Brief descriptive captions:
---+---

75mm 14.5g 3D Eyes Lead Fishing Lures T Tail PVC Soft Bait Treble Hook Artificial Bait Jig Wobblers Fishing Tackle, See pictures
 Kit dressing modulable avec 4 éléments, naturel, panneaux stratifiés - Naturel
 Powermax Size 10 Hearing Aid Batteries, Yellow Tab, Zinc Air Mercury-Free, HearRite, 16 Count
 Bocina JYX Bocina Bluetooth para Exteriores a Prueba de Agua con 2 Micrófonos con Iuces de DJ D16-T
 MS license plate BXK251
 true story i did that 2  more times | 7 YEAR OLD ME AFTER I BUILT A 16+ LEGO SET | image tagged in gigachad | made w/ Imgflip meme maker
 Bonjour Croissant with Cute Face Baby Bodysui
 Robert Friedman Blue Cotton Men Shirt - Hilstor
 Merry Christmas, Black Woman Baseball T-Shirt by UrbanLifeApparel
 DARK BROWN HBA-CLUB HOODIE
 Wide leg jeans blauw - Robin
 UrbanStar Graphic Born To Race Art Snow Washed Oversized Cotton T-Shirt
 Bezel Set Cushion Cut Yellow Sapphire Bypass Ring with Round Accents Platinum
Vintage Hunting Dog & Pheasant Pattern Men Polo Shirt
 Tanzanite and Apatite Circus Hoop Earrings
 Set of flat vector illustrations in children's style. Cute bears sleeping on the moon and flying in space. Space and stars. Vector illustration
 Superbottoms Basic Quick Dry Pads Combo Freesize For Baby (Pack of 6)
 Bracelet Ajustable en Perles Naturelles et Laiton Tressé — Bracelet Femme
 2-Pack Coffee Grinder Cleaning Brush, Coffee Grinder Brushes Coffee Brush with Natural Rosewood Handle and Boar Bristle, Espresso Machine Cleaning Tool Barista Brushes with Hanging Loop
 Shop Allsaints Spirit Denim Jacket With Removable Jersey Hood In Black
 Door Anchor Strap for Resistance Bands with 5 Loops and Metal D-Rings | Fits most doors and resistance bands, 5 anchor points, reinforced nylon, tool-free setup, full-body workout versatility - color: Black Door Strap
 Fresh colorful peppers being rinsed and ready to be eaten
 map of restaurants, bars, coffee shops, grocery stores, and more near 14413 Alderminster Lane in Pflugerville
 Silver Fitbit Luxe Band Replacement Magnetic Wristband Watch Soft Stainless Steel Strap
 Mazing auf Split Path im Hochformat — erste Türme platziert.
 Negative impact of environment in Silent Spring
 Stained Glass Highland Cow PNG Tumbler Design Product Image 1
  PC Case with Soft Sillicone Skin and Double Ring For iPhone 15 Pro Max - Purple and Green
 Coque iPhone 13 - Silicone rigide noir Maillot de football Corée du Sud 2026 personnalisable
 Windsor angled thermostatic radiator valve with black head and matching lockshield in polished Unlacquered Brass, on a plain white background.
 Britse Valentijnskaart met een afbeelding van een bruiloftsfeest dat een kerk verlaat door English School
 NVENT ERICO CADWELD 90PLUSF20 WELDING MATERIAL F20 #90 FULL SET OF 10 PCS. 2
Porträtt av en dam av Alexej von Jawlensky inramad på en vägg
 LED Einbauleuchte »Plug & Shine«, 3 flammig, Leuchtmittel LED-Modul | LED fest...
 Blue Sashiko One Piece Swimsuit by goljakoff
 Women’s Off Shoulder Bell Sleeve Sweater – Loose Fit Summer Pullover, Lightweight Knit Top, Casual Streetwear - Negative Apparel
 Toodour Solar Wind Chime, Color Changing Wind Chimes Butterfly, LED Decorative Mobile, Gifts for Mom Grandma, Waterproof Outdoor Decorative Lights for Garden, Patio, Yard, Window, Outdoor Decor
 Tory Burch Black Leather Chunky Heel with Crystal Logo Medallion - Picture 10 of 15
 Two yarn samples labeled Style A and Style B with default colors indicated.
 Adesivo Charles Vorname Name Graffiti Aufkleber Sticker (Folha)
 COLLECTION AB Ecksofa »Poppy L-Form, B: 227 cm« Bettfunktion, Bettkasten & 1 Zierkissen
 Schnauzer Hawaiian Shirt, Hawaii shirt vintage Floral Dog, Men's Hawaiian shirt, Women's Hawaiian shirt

---+---

Across the records above, show each line containing the word "Women".

### EXERCISE ANSWER
 Women’s Off Shoulder Bell Sleeve Sweater – Loose Fit Summer Pullover, Lightweight Knit Top, Casual Streetwear - Negative Apparel
 Schnauzer Hawaiian Shirt, Hawaii shirt vintage Floral Dog, Men's Hawaiian shirt, Women's Hawaiian shirt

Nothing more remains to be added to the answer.